Bilal Bagh: Bengaluru’s own Shaheen Bagh is up and running

The protest, which has received celebrated visitors like actor Naseeruddin Shah, historian Ramachandra Guha, Gujarat MLA Jignesh Mevani and others on Sunday entered its ninth day.

Written by Ralph Alex Arakal | Bengaluru | Updated: February 16, 2020 8:04:30 pm
The Bilal Bagh protest site at the Tannery road in Bengaluru. (Express photo: Ralph Alex Arakal)
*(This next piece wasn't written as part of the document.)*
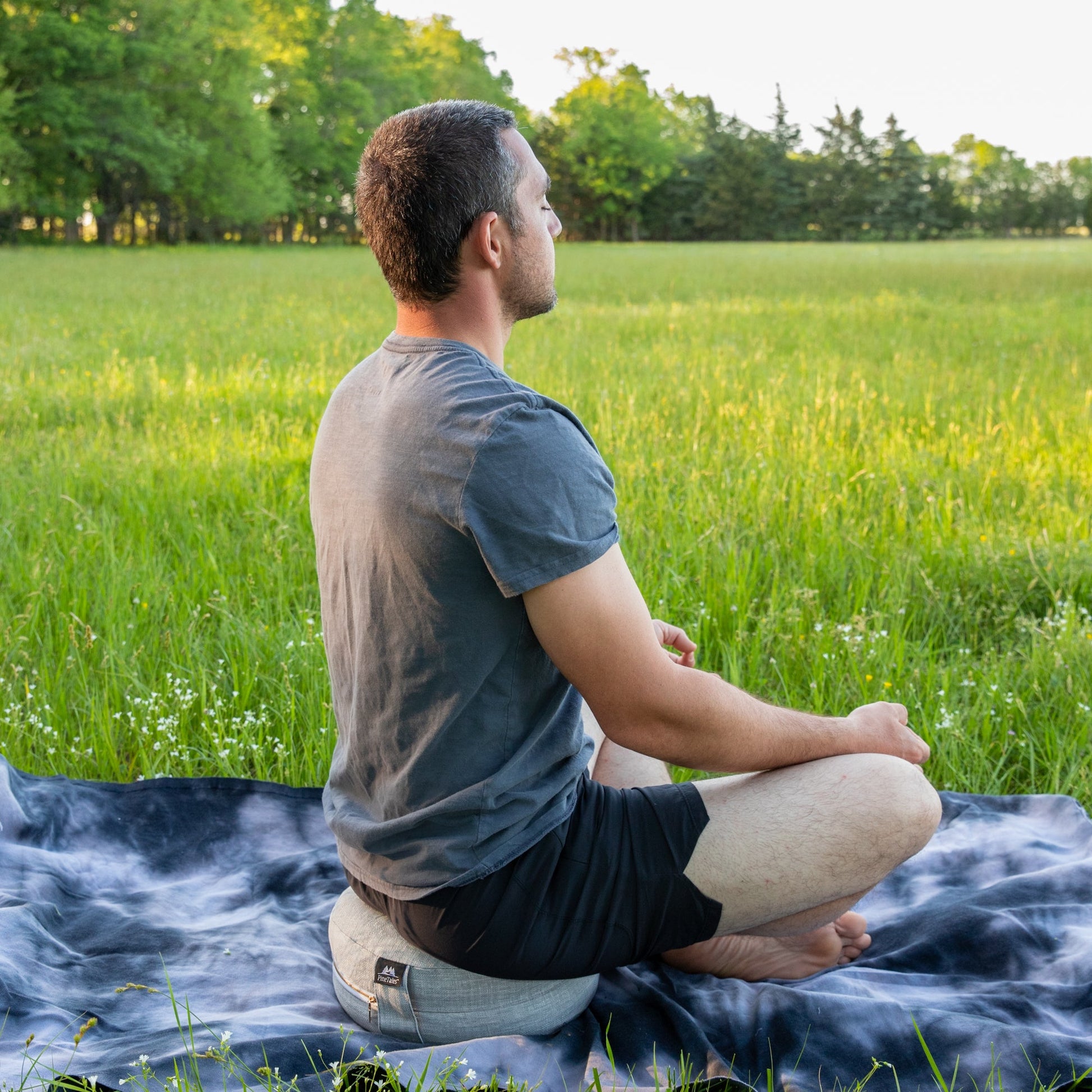 Traditional Meditation Pillow by PineTales being used outside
Taking a leaf out of Shaheen Bagh stir, hundreds of Bengaluru women have gathered at the Tannery road, located on the side of Masjid-E-Hazrath Bilal in Pillai garden area, to protest against the contentious Citizenship Amendment Act (CAA).
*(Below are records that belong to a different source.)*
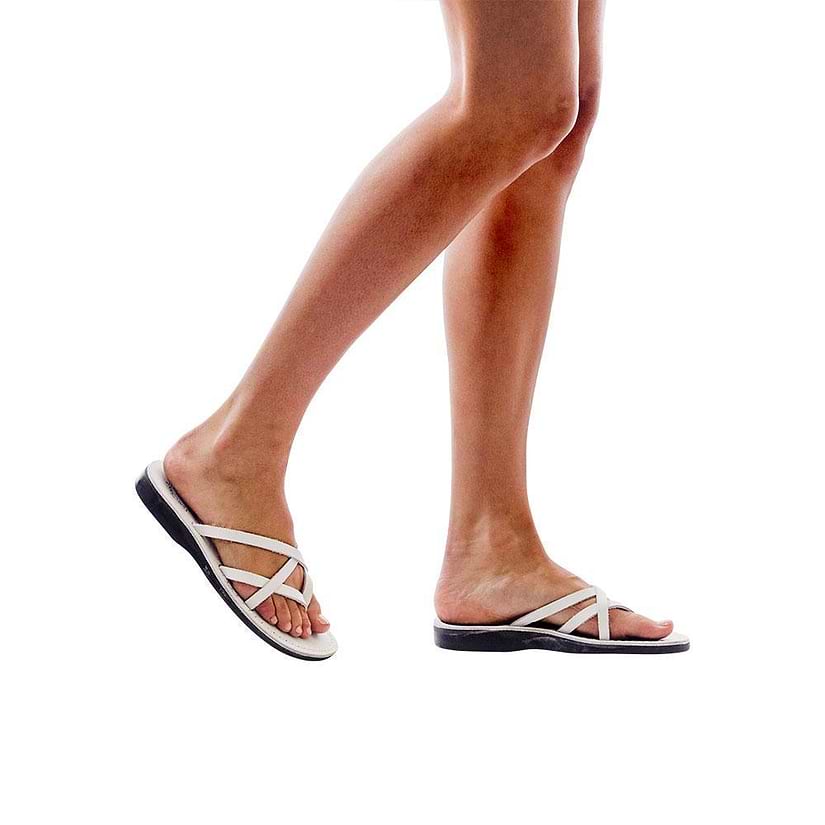 Model wearing Tamar white, handmade leather slide sandals 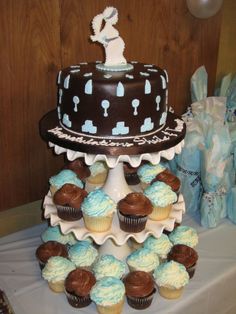 a cake and cupcakes on a table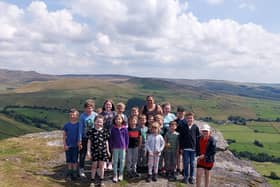 The children from Little Jules in New Mills at the top of Big Stone, one of the five sponsored walks they are doing to raise funds for a defibrillator.
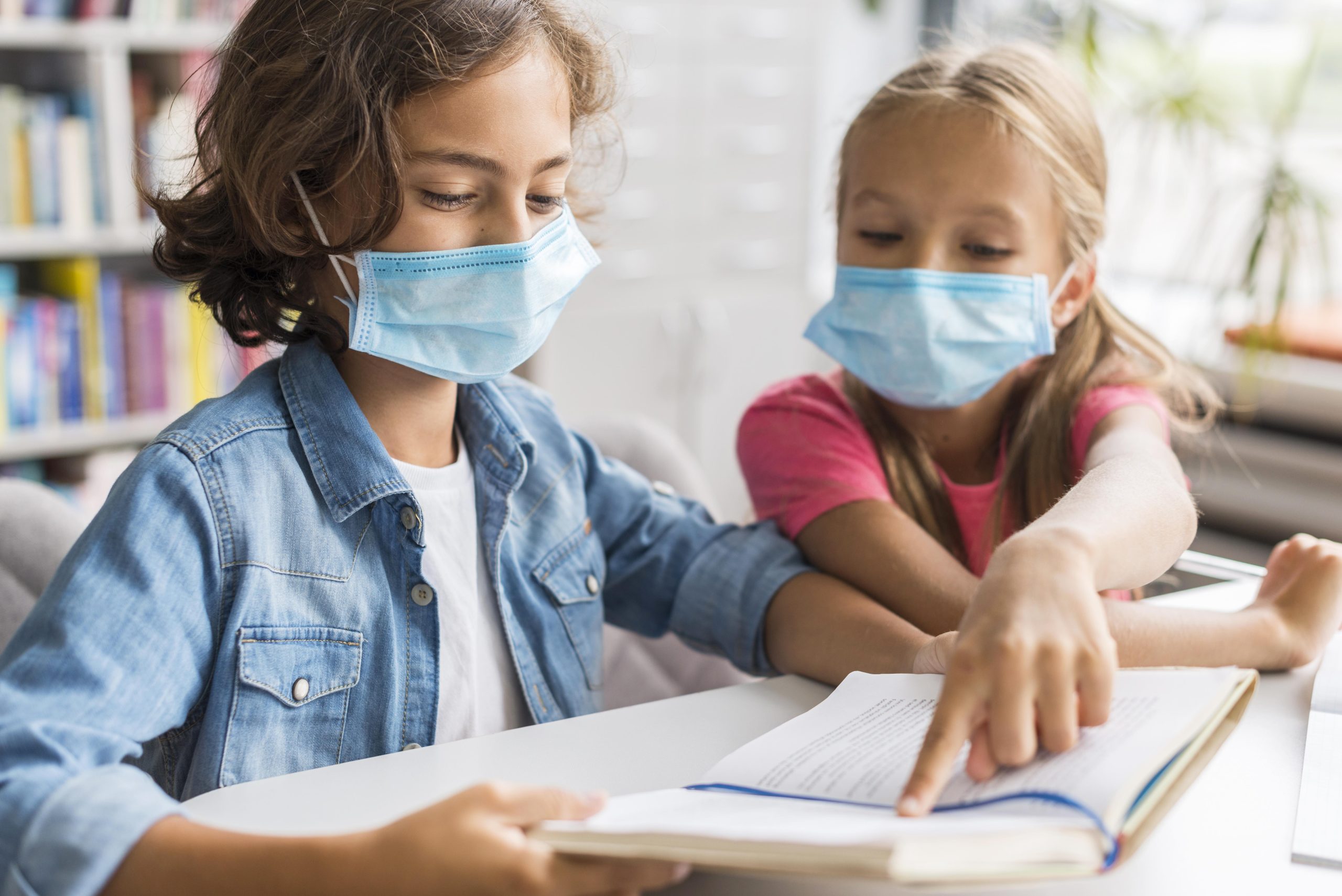 colleagues doing their homework while wearing face mask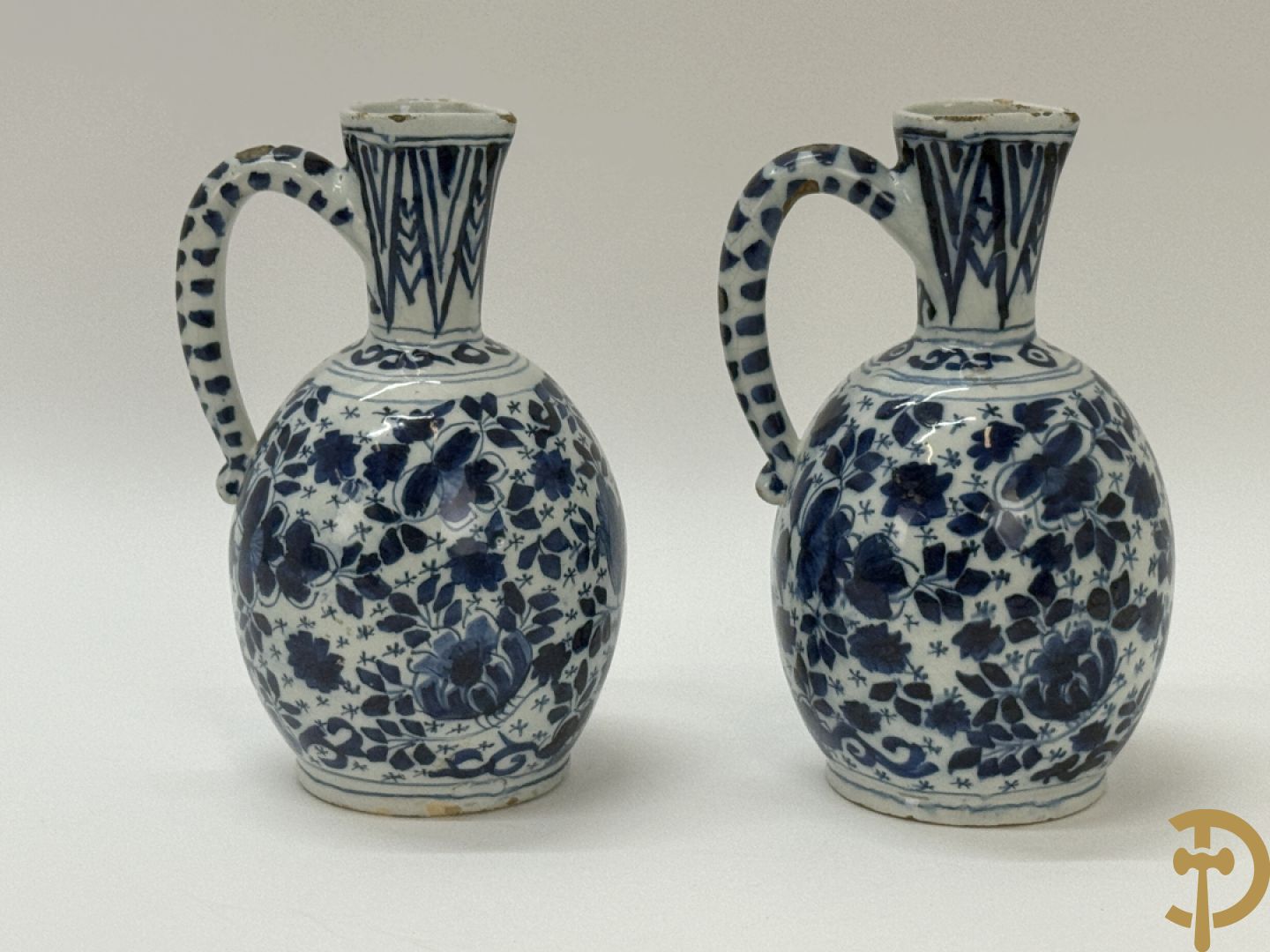 Twee Delftse blauw/wit schenkkannen met bloemendecor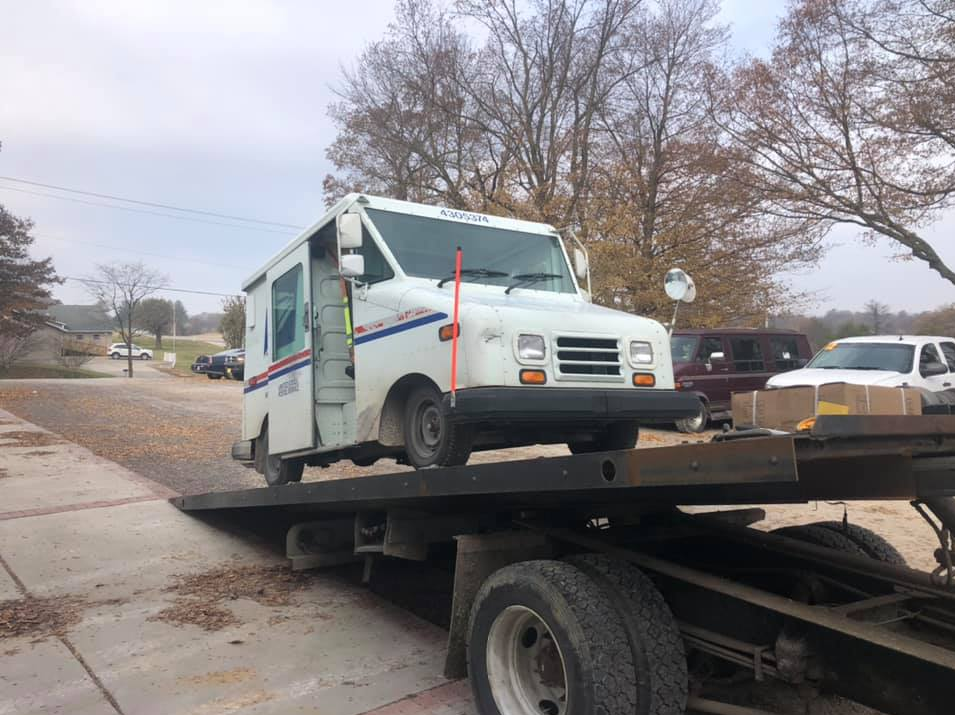 White USPS mail truck on a tow truck, parked on a street with fall foliage.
The protest, which has received celebrated visitors like actor Naseeruddin Shah, historian Ramachandra Guha, Gujarat MLA Jignesh Mevani and others on Sunday entered its ninth day.

Here too, like Shaheen Bagh, women take shifts to be at the protest site, manage household chores while their male counterparts also do the same and are around the area ensuring no untoward incident takes place.

“We are delighted to see people like actor Naseeruddin Shah, historian Ramachandra Guha, Jignesh Mevani, singers Vasu Dixit, Bindu Malini, MD Pallavi, and others joining us in our pursuit to demand the government to revoke CAA. Most of us are first-time protesters who haven’t been off homes for even consecutive nights like these at all. Yes, this is empowering,” Nafeesa Faizal, a protester told indianexpress.com.

Historian Ramchandra Guha at the Bilal Bagh protest site. (Express photo: Ralph Alex Arakal)

Apart from the main marquee, where the protesters sit together round the clock, the protest area has a resting place, library, study space, and discussion area, where people pour in throughout the day.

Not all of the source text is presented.